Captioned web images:
- - - - -

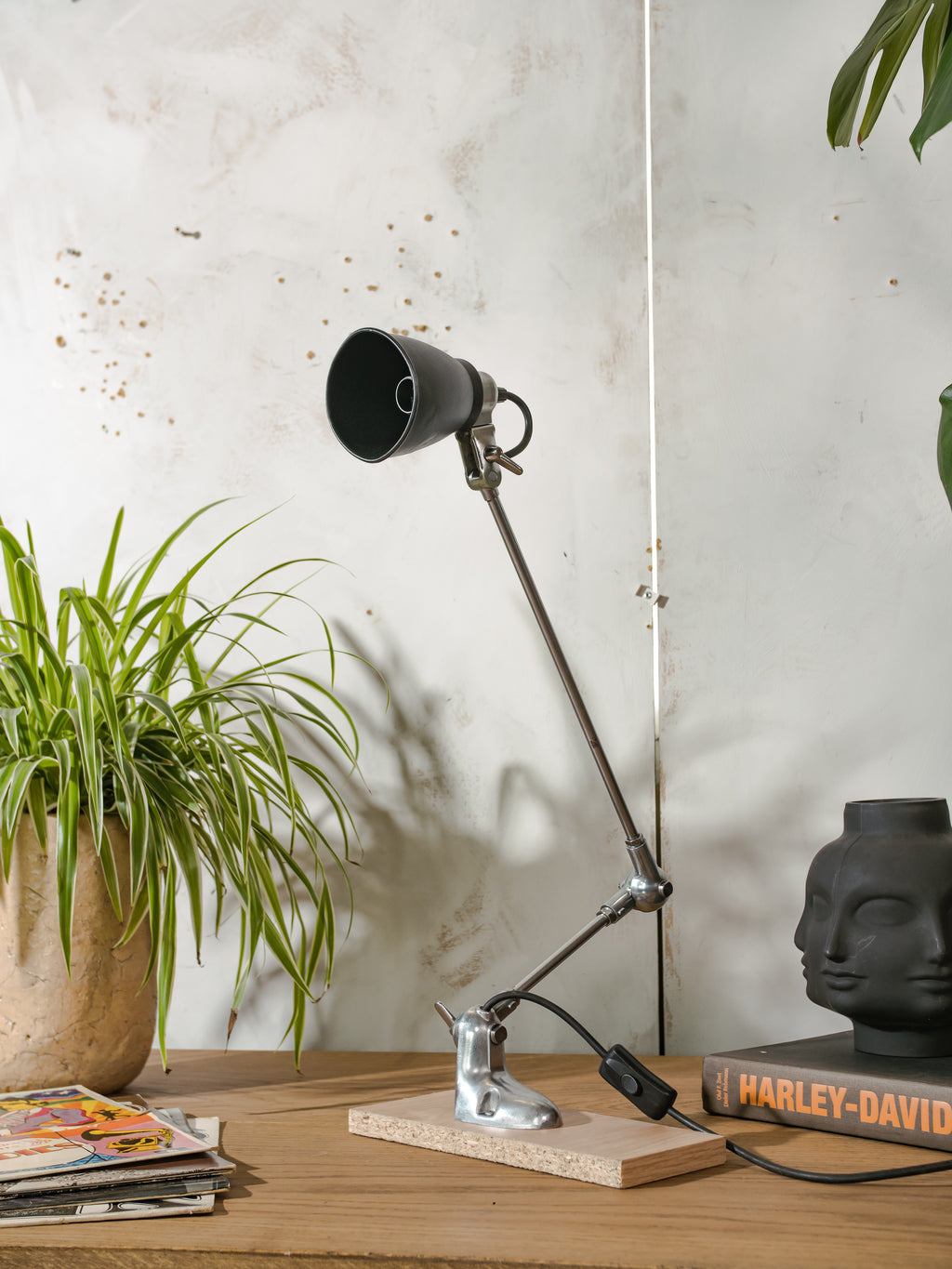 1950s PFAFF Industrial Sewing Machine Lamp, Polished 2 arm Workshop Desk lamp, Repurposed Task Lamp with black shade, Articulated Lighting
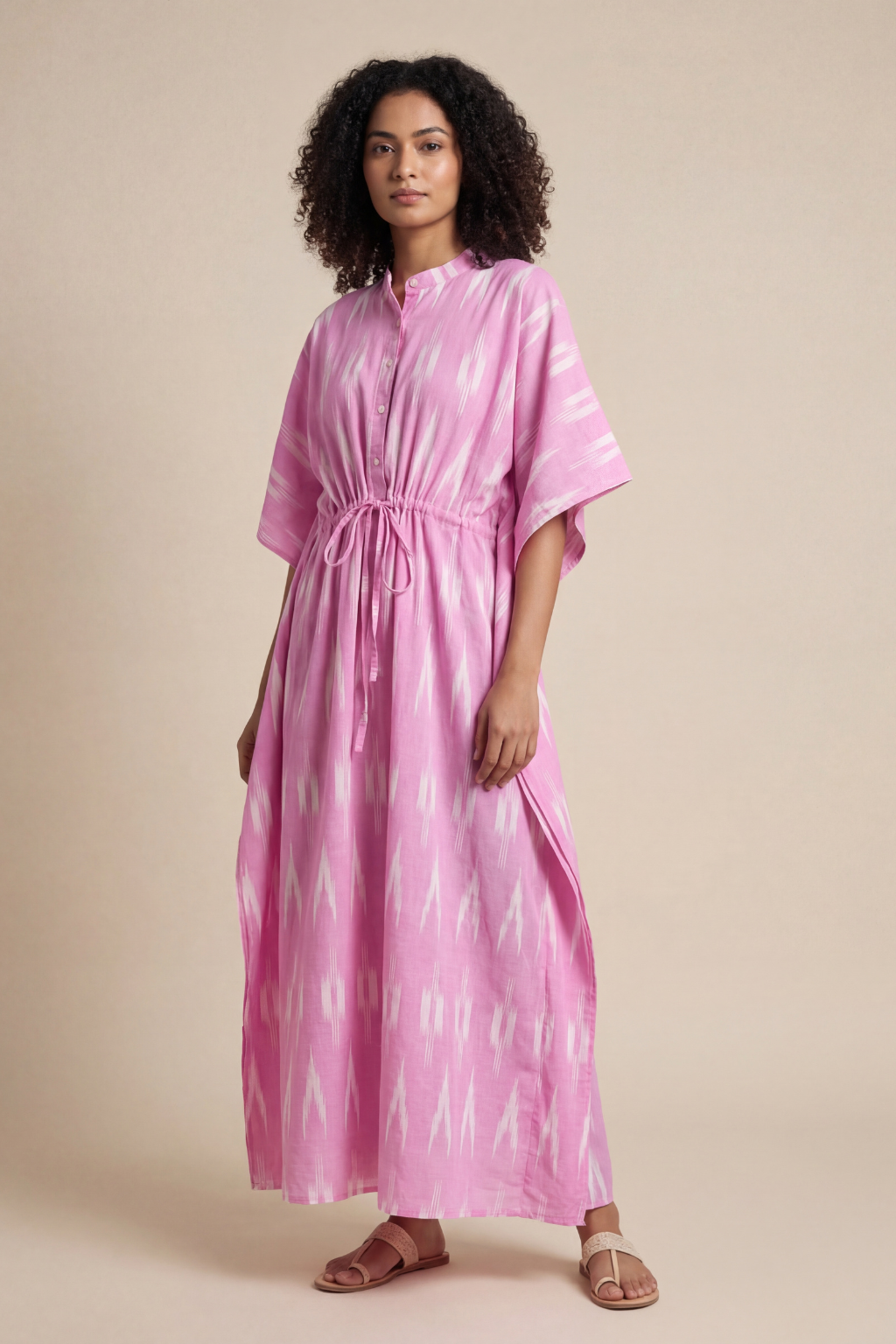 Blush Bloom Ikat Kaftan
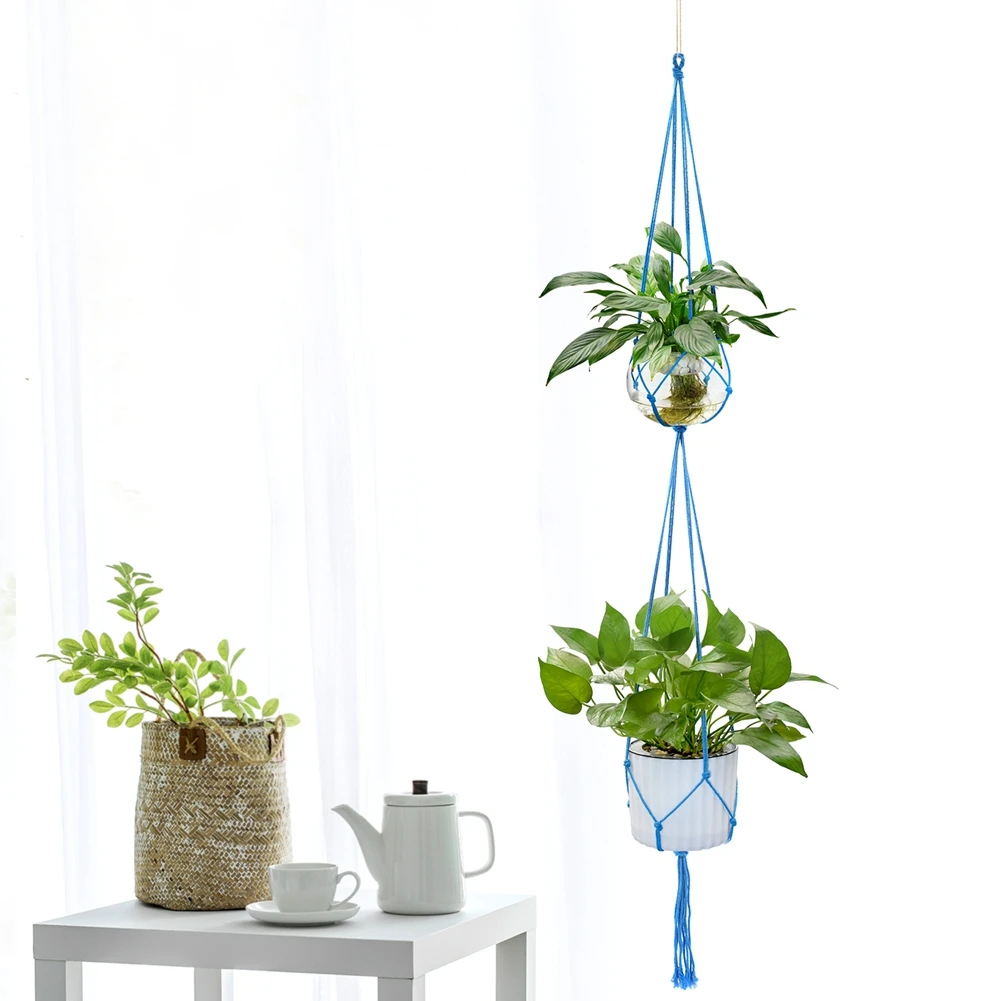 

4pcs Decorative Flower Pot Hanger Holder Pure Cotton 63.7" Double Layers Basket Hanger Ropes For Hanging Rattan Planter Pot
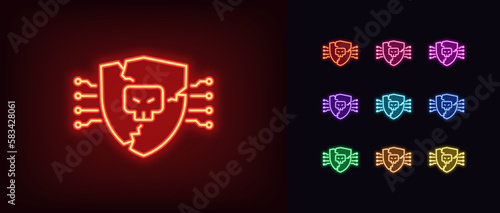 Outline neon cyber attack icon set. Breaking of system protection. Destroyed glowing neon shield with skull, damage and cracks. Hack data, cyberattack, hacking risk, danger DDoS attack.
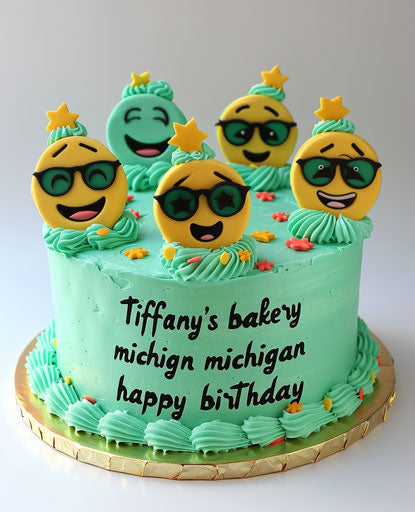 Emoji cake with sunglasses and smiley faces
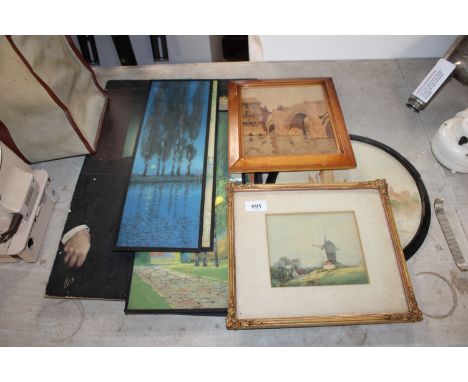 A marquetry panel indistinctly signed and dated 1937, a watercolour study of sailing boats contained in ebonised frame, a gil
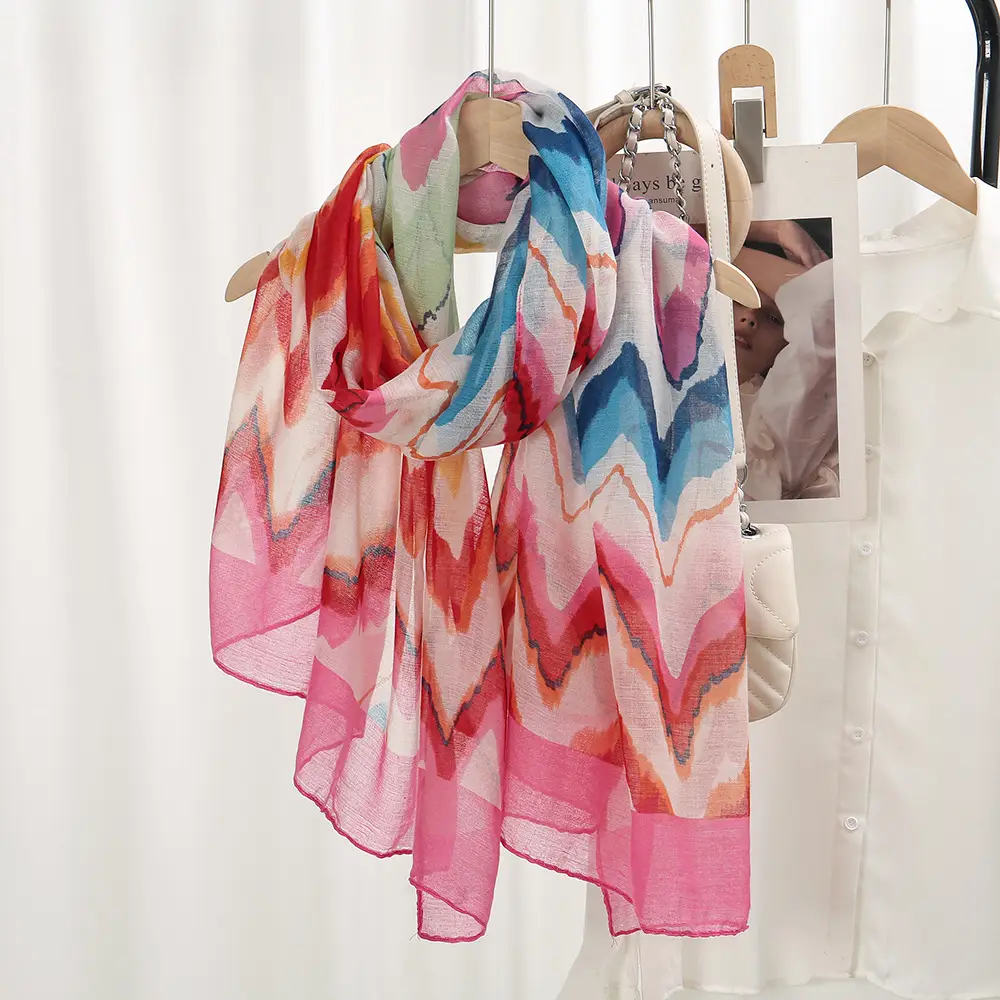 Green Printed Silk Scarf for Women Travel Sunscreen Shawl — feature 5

- - - - -

REQUIRED WORK: Above are the entries; write them out again exactly, omitting the pictures.

ANSWER BOX:
 1950s PFAFF Industrial Sewing Machine Lamp, Polished 2 arm Workshop Desk lamp, Repurposed Task Lamp with black shade, Articulated Lighting
 Blush Bloom Ikat Kaftan

4pcs Decorative Flower Pot Hanger Holder Pure Cotton 63.7" Double Layers Basket Hanger Ropes For Hanging Rattan Planter Pot
 Outline neon cyber attack icon set. Breaking of system protection. Destroyed glowing neon shield with skull, damage and cracks. Hack data, cyberattack, hacking risk, danger DDoS attack.
 Emoji cake with sunglasses and smiley faces
 A marquetry panel indistinctly signed and dated 1937, a watercolour study of sailing boats contained in ebonised frame, a gil
 Green Printed Silk Scarf for Women Travel Sunscreen Shawl — feature 5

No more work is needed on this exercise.